Geoffrey Hill: Für die Ungefallenen
Where chrystals kissed / in cabinets of amethyst and frost
Wo sich Kristalle küßten / im Kabinett aus Frost und Amethyst
Das Lyrik Kabinett stellte, nach der Lesung von Les Murray, am 07. Juli einen weiteren englischsprachigen Dichter vor, der hierzulande noch nahezu unbekannt ist.
Geoffrey Hill, 1932 geboren, der derzeit das Ehrenamt des Oxforder »Professor of Poetry« bekleidet, gilt als einer der bedeutendsten und umstrittensten Lyriker Englands.
Anlässlich der kürzlich erschienen Gedichtsammlung seiner Gedichte von 1959-2007, die von Ursula Haeusgen, Michael Krüger und Raoul Schrott herausgegeben und in der Edition Lyrik Kabinett bei Hanser unter dem Titel »Für die Ungefallenen« erschienen sind, leistete das Lyrik Kabinett mit diesem anspruchsvollen Abend Pionierarbeit in Bezug auf den Dialog mit dem deutschen Publikum. Der Sammelband bildet einen Überblick über das Werk des Dichters, der bisher schon 13 Gedichtbände publiziert hat. Benannt ist die Gedichtsammlung nach der ersten Publikation „For the Unfallen“.
Aufgrund der scheinbaren Dunkelheit der Gedichte, die eine hermeneutische Deutung erschweren und dadurch provozieren, fanden sich zwei Kenner, man möchte Exegeten sagen, zu einem Gespräch zusammen. Der Anglist und Komparatist Prof. Dr. Werner von Koppenfels, der an der LMU München lehrte, ist nicht nur Kenner Hillscher Lyrik, sondern auch sein Übersetzer.
Werner von Koppenfels
Im Gespräch mit dem Anglisten und Autor Ralph Pordzik, Dozent an der Julius-Maximilians-Universität in Würzburg, wurden Gedichte und Auszüge Hills auf Englisch und in deutscher Übersetzung alternierend gelesen. Anschließend wurde über die Motivik kontrovers diskutiert, wobei keineswegs eine Aufschlüsselung des Rätselcharakters der Lyrik angestrebt wurde, sondern eine behutsame Aufhellung der Dunkelheit.

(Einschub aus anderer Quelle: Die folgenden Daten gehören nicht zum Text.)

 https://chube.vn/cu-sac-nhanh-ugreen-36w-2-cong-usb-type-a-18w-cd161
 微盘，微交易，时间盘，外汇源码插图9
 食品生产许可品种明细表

Wie Holger Pils zunächst in seiner Einführung verdeutlichte, ist die Hillsche Lyrik komplex und zudem, was eine Ausnahme in England darstellt, inhaltlich mit der europäischen Geschichte und der Entwicklung des heutigen Europas verknüpft. Jedoch sind die lyrischen Erzeugnisse keineswegs einmaschig gewebt, sodass das Religiöse, ohne dabei zum Mystizismus auszuufern, mit den politischen Geschehnissen verwoben wird.

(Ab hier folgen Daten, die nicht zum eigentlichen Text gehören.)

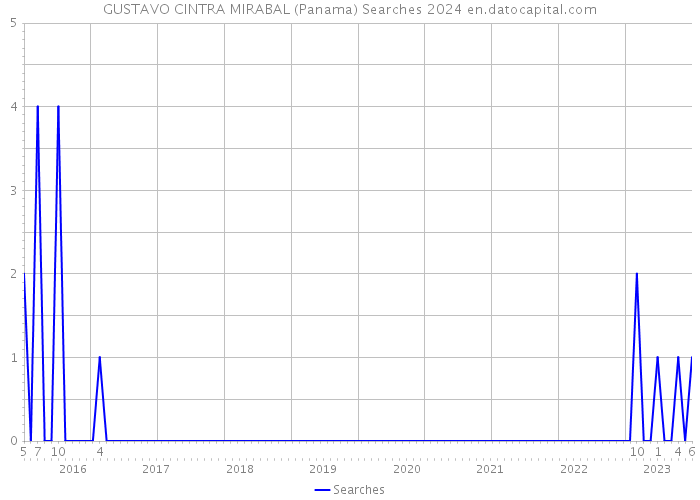 GUSTAVO CINTRA MIRABAL (Panama) Searches 2024 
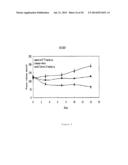 Novel Use of Adapalene in Treating Cancer diagram and image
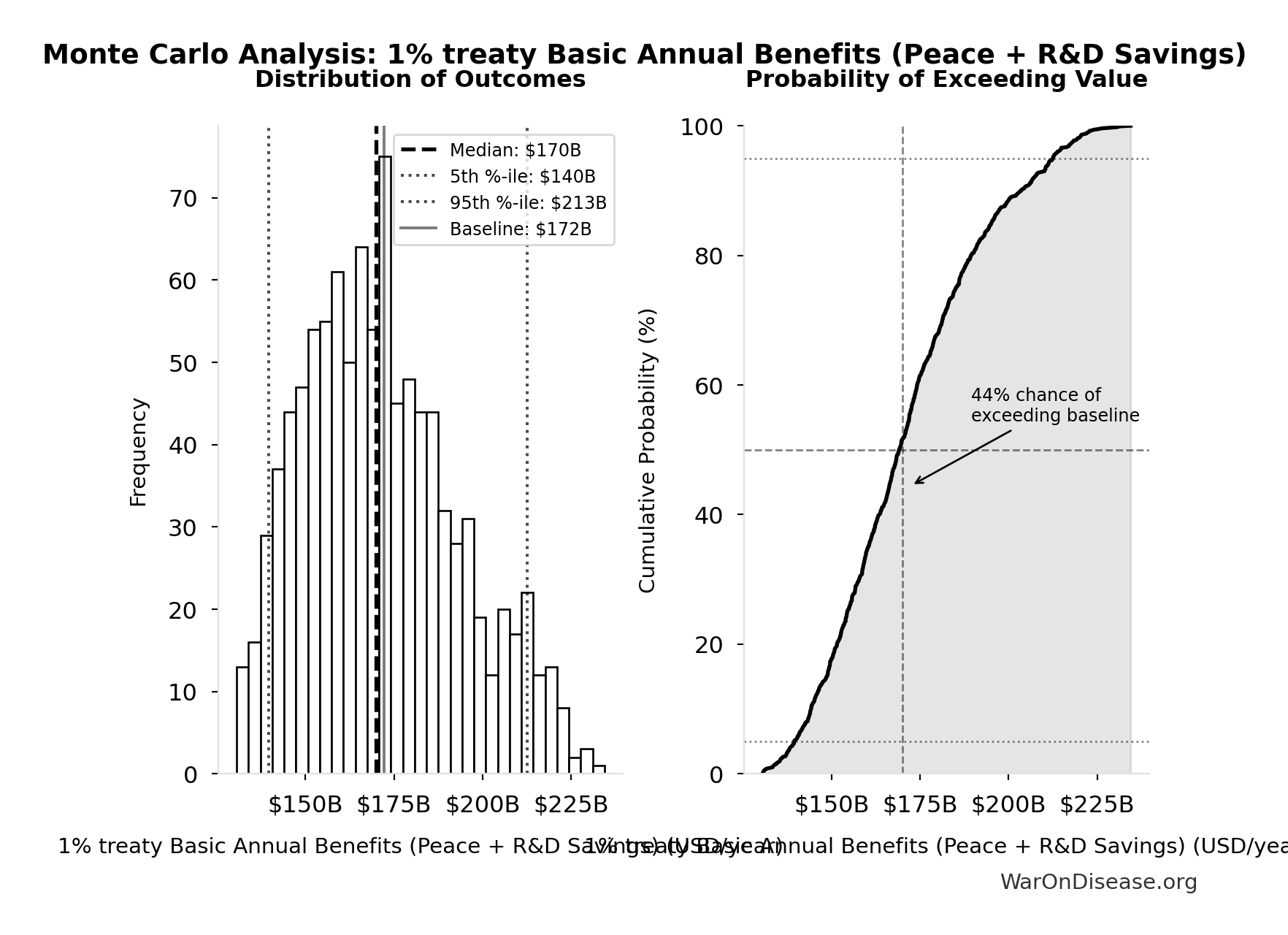 Probability of Exceeding Threshold: Treaty Trajectory Cumulative Lifetime Income (Per Capita)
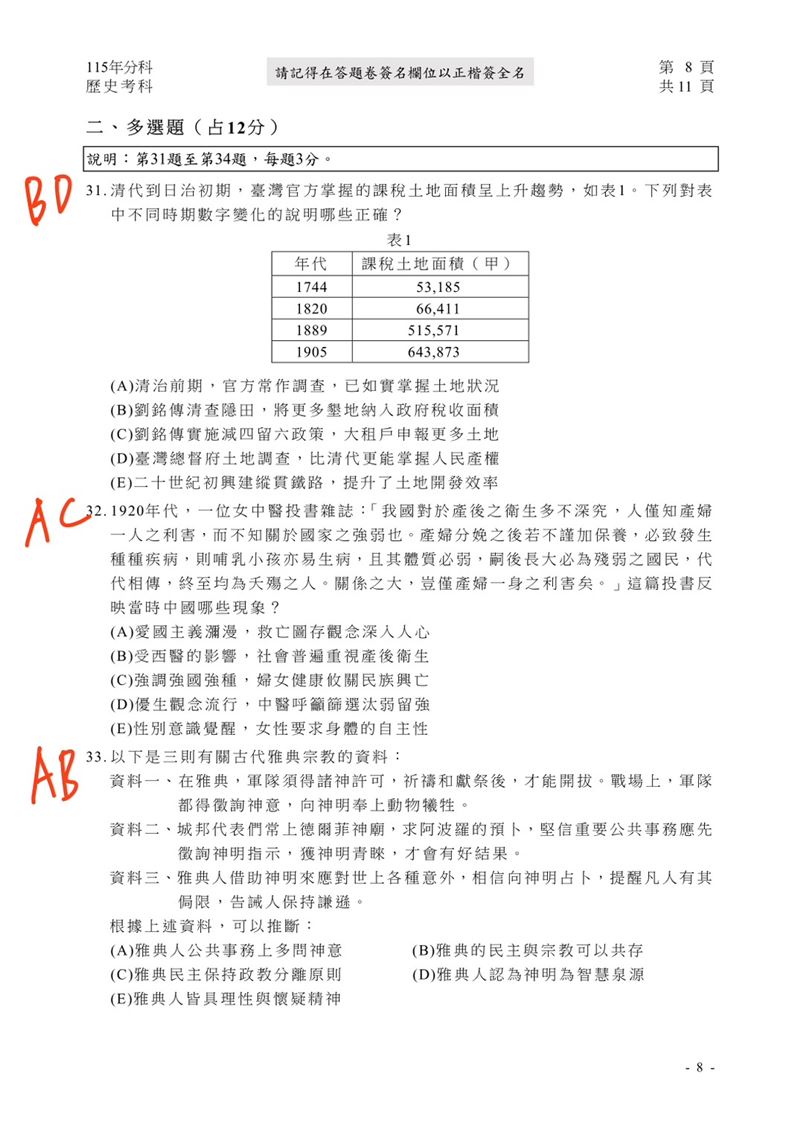 115學年度分科測驗「歷史」試題與參考解答。(圖/Good全名師教學團隊提供)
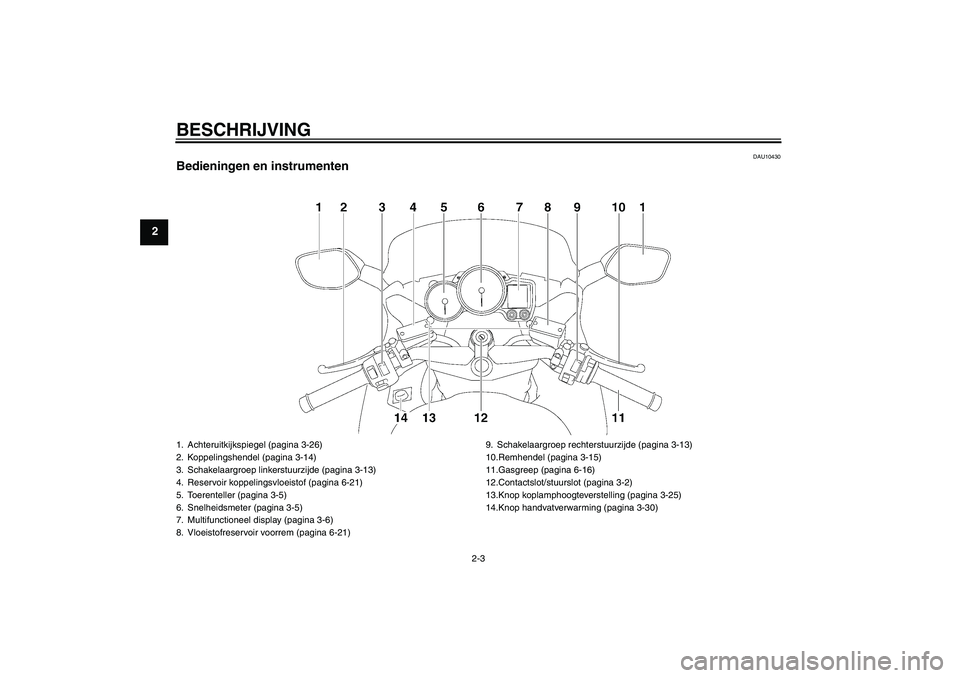 YAMAHA FJR1300A 2009  Instructieboekje (in Dutch) BESCHRIJVING
2-3
2
DAU10430
Bedieningen en instrumenten1. Achteruitkijkspiegel (pagina 3-26)
2. Koppelingshendel (pagina 3-14)
3. Schakelaargroep linkerstuurzijde (pagina 3-13)
4. Reservoir koppelings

Zusammen mit dem Dichter Seamus Heaney wird Hills Lyrik als antimodern und zudem von seinen Kritikern als elitär und schwierig bezeichnet. Hill selbst, so Holger Pils, nimmt dazu in der Weise Stellung, dass er auf die wirklichen Verhältnisse verweist, indem es das Zugängliche nur im Supermarkt gäbe.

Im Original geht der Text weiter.